Все это как личный скепсис ничего не стоит. В такой редакции это был бы цинизм. Некий сорокин-предтеча. Катастрофа свершается (не свершается) в между, в около. В слове, движении речи. Она не персональна. Такая речь не может иметь конца: бесконечное начало.

 

Определения поэзии по Бродскому:

конец любви знака к смыслу,
восвояси вернувшийся слог,
рай алфавита.
 

Есть момент наслаждения при чтении стихов Бродского при всей пустотности его письма. Он есть заодно целое с испытанием на выносливость, с чем-то пыточным. Его только-словесность – далеко не подарок. Пресуществление тела мира в кириллицу ошарашивает как стакан водки, оставляющий трезвым. Пустотность сущего, его озадачивающая несущественность. Трезвость противопоэтична, не показана русскому стиху, литературной традиции, оскорбительна. Невмоготу удержать ее. Позвоночник века отныне не сломан, он разят.

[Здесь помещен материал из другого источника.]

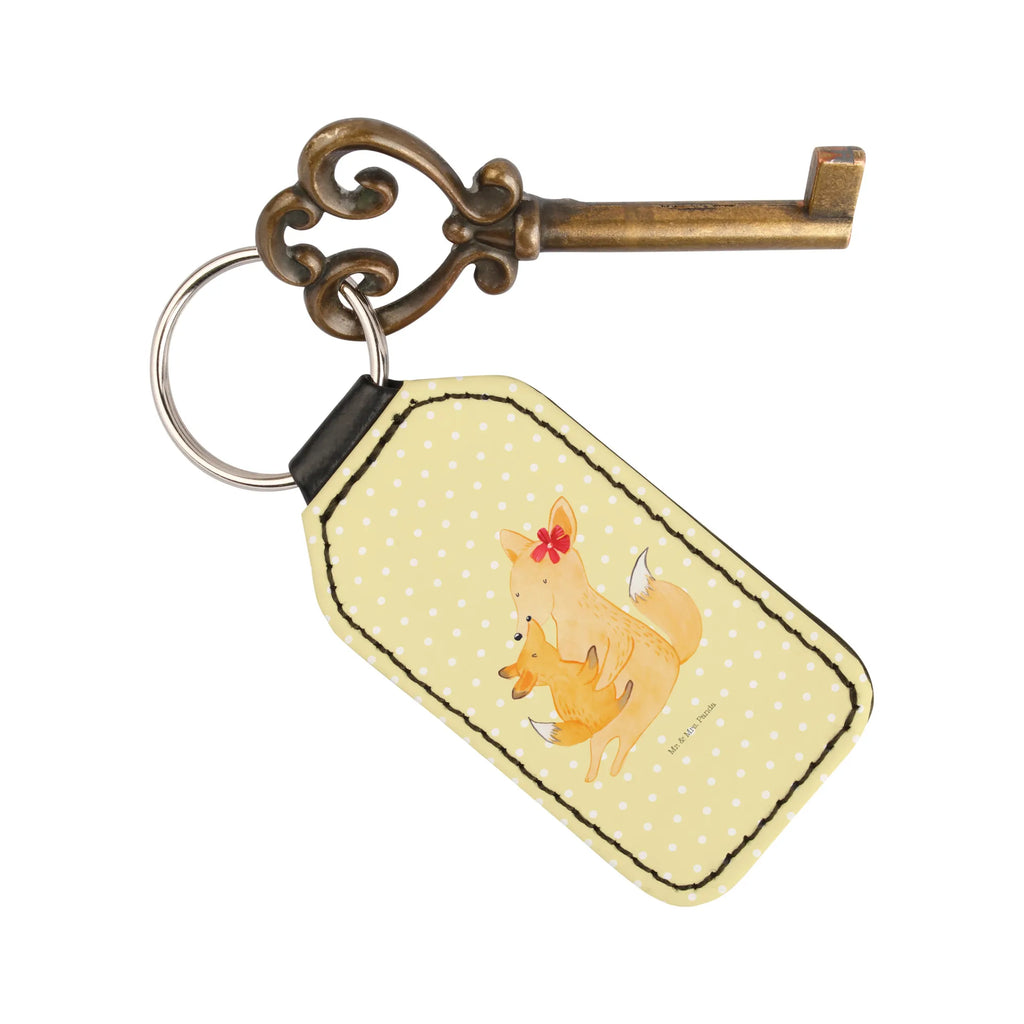 Rectangular key ring Fox mummy Schlüsselanhänger Für Paare Rechteckig, Rechteckiger Schlüsselanhänger, Schlüsselanhänger Holz Rechteckig, Schlüsselanhänger Mit Foto Rechteckig, Schlüsselanhänger Mit Rechteckiger Form, Schlüsselanhänger Büro Rechteckig, Werbegeschenk Schlüsselanhänger Rechteckig, Rechteckiger Schlüsselanhänger Mit Namen, Auto Schlüsselanhänger Rechteckig, Schlüsselanhänger Acryl Rechteckig, Rechteckiger Schlüsselanhänger Mit Wunschtext, Schlüsselanhänger Kunststoff Rechteckig, Rechteckiger Anhänger Mit Logo, Schlüsselanhänger Metall Rechteckig, Schlüsselanhänger Für Männer Rechteckig, Schlüsselanhänger Leder Rechteckig, Schlüsselanhänger Form Rechteck, Schlüsselanhänger Mit Gravur Rechteckig, Rechteckiger Anhänger Für Schlüssel, Schlüsselanhänger Für Familie Rechteckig, Schlüsselanhänger Rechteckig, Schlüsselanhänger Für Frauen Rechteckig, Taschenanhänger Rechteckig, Schlüsselanhänger Klassisch, Schlüsselanhänger Modern Rechteckig, Schlüsselanhänger Geschenk Rechteckig, Schlüsselanhänger Personalisiert Rechteckig, Familie, Vatertag, Muttertag, Bruder, Schwester, Mama, Papa, Oma, Opa, Geschenk, Mutter, Beste Tochter, Lieblingstochter, Tochter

–Что значит позвонок, вернувшийся восвояси?

 

Барт некогда связал произведение с удовольствием, и текст – с наслаждением. Однако то, что мы находим у Бродского, нечто третье. Скорее всего – фрустрация. Фрустрация: распад поля возможных желаний. Старик даже и не забрасывает свой невод в море. Разъятый позвоночник не оставляет своего места. Отныне оно и в настоящем и в прошлом, в Литве и в Коннектикуте – только чужое. Свое место – это возможность закинуть невод.[2]

 

Постоянная фиксация места, воздуха, температуры или влажности, звуков, вида из окна, состояния тела, густоты или отсутствия волос, седины в паху, состояния зубов кажется пустой и. нудной. Фиксация очередного местопребывания. Отчет о пожизненной командировке.

– Кому? – Какая-то несуразная журналистика.

Но это – плата за присутствие. За самоочевидное, за самое простое: только-присутсвие – надо платить. Платить наличными: словом, слогом, возвращающимся восвояси. Всегда сохраняющий свою трезвость и свою честность отчет в несущественности существования. Оказывается, для того, чтобы не упустить сознание себя, его конечность, надо держать бесконечную речь, держаться за речь. Эта подотчетность – последнее воспоминание о даре бытия, даре, который некогда было принято прославлять, с благодарностью принимать, демонически отклонять и проклинать.

Скольжение знаков в строке, и это – все.

 

О чем же речь?

Зимой смеркается Урания

 

О темах бесед

о собаках

о вторжении ночи

о письме

о сумерках

об импульсе речи

о природе света-зрения

Итак, – ни о чем. Отчетливость присутствия оправдывает речь и исчерпывает ее. Не следует искать здесь мысль, чувство. Они, впрочем, есть, но если мы вдумываемся, скажем, в природу света, мы как раз ускользнем от власти письма, не примем поэтику Бродского.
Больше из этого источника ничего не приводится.